Task statement – The result should be all the records, exact and complete, without a single picture.

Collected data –
========================================================================

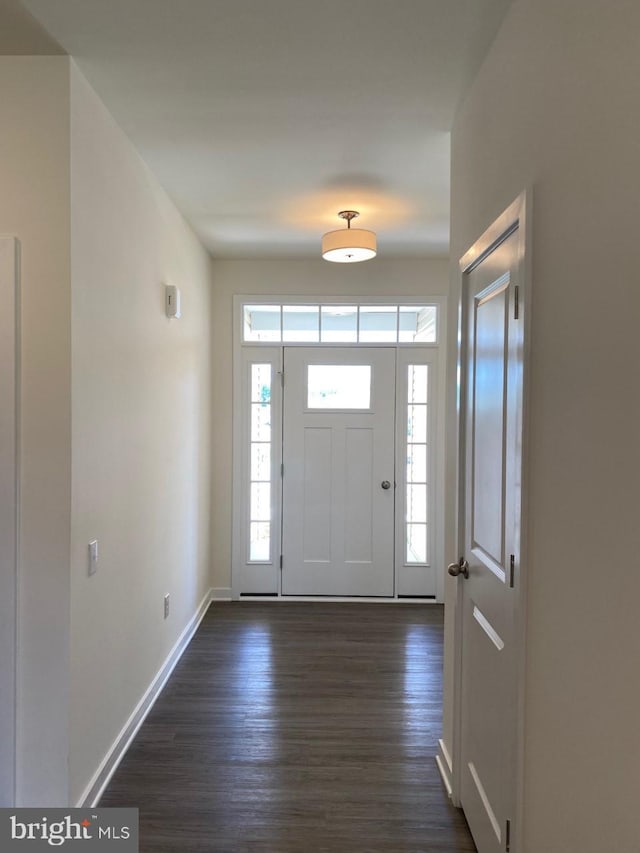 entryway featuring dark hardwood / wood-style flooring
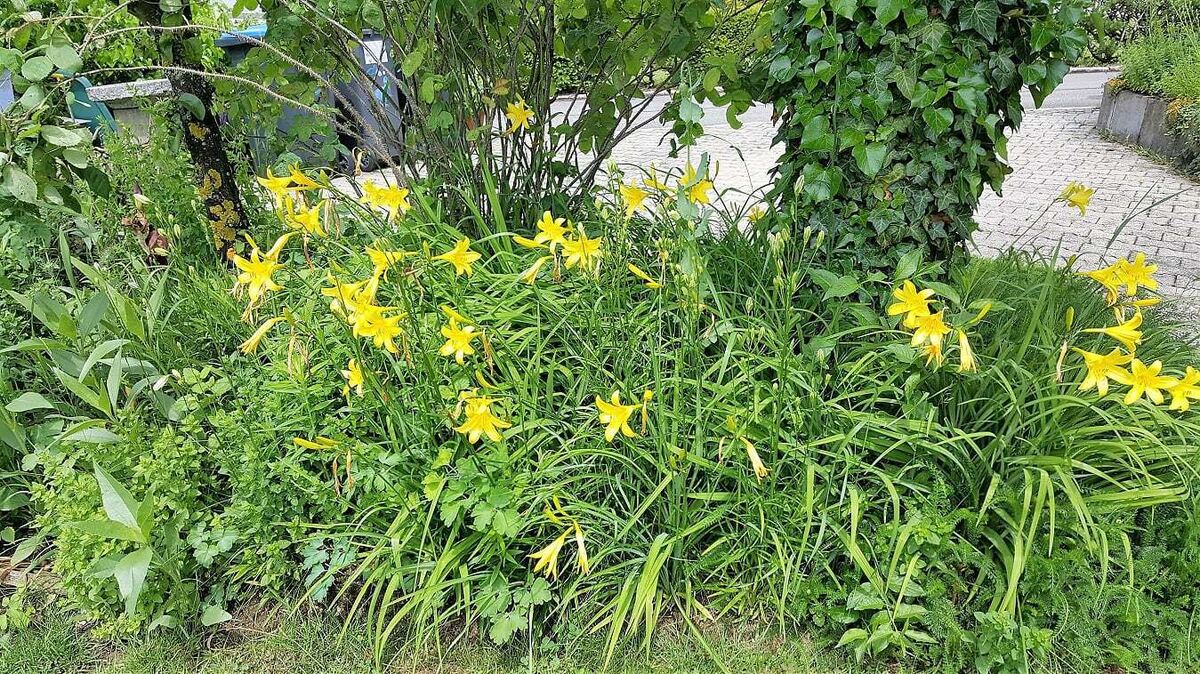 Naturfotos unserer Leser 2016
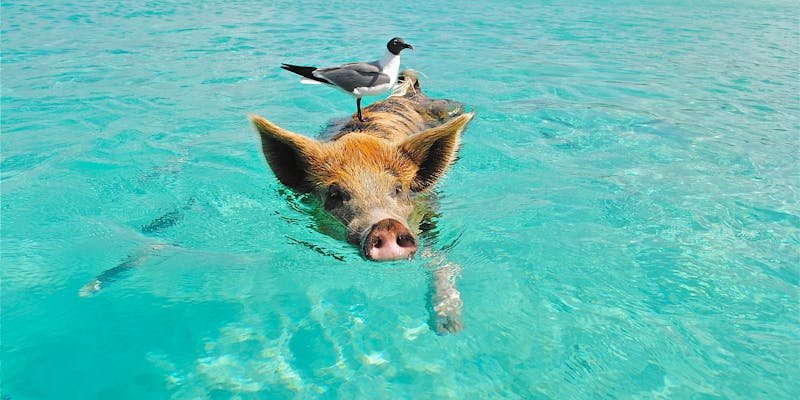 Qual a melhor praia de Ubatuba para se hospedar?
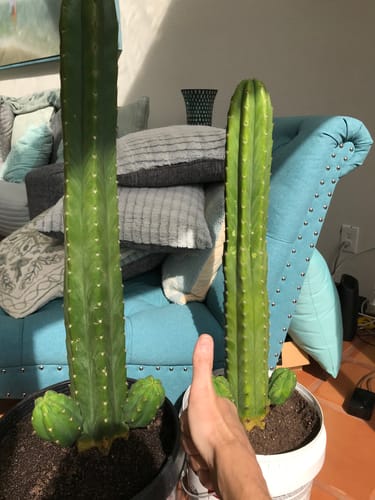 Customer photo review of San Pedro Cactus | Echinopsis (Trichocereus) pachanoi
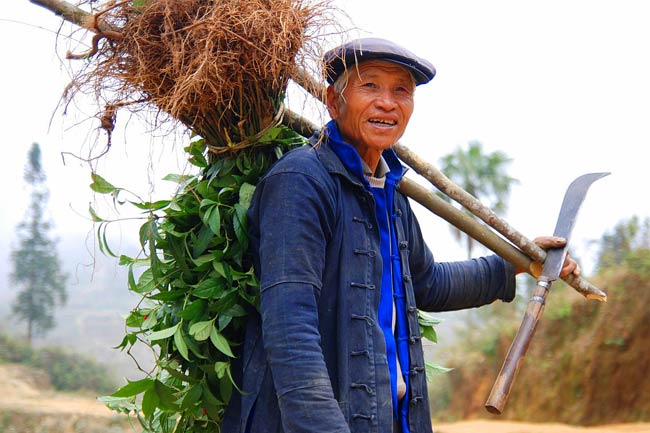 yunnan-farmer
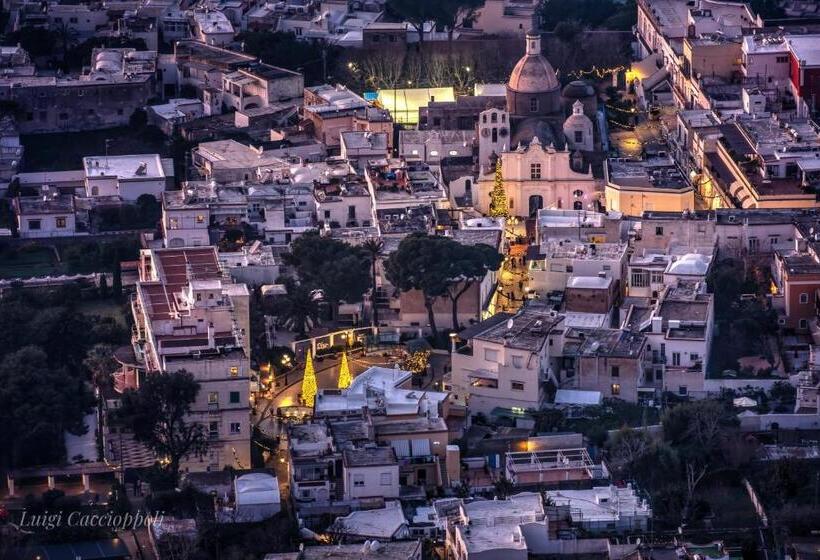 هتل Fortino B&b Capri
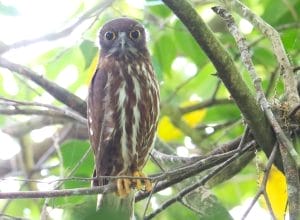 今年もアオバズク来る❢ 2024.6.2 今年もアオバズク来る❢ 2024.6.2 - メルカリ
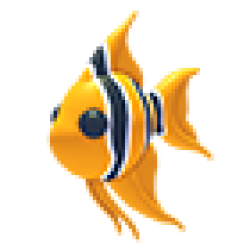 Angelfish Values
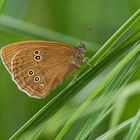 Braune Waldvogel (Aphantopus hyperantus) 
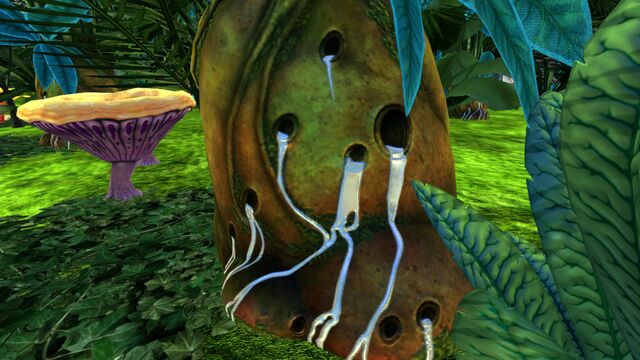 File:Floater Island (22).jpg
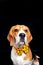 Beagle dog portrait shot, photography in pet photo studio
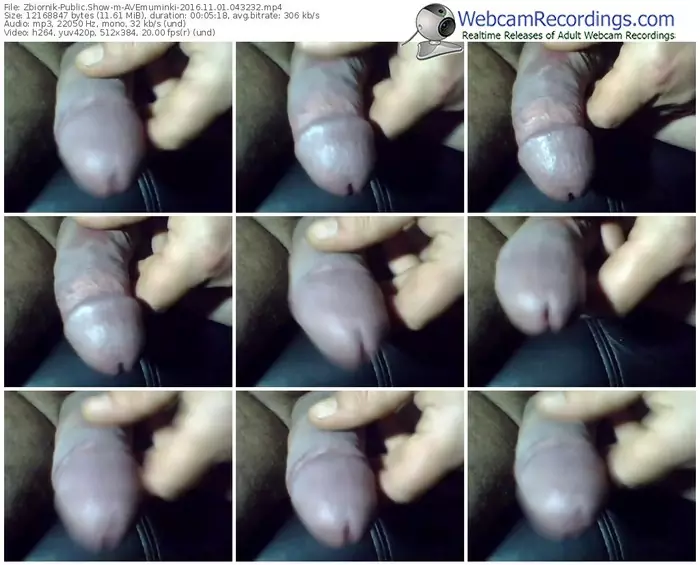 zbiornik-avemuminki-webcam-show-11_01_2016-04_32_32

========================================================================

Response –
 entryway featuring dark hardwood / wood-style flooring
 Naturfotos unserer Leser 2016
 Qual a melhor praia de Ubatuba para se hospedar?
 Customer photo review of San Pedro Cactus | Echinopsis (Trichocereus) pachanoi
 yunnan-farmer
 هتل Fortino B&b Capri
 今年もアオバズク来る❢ 2024.6.2 今年もアオバズク来る❢ 2024.6.2 - メルカリ
 Angelfish Values
 Braune Waldvogel (Aphantopus hyperantus) 
 File:Floater Island (22).jpg
 Beagle dog portrait shot, photography in pet photo studio
 zbiornik-avemuminki-webcam-show-11_01_2016-04_32_32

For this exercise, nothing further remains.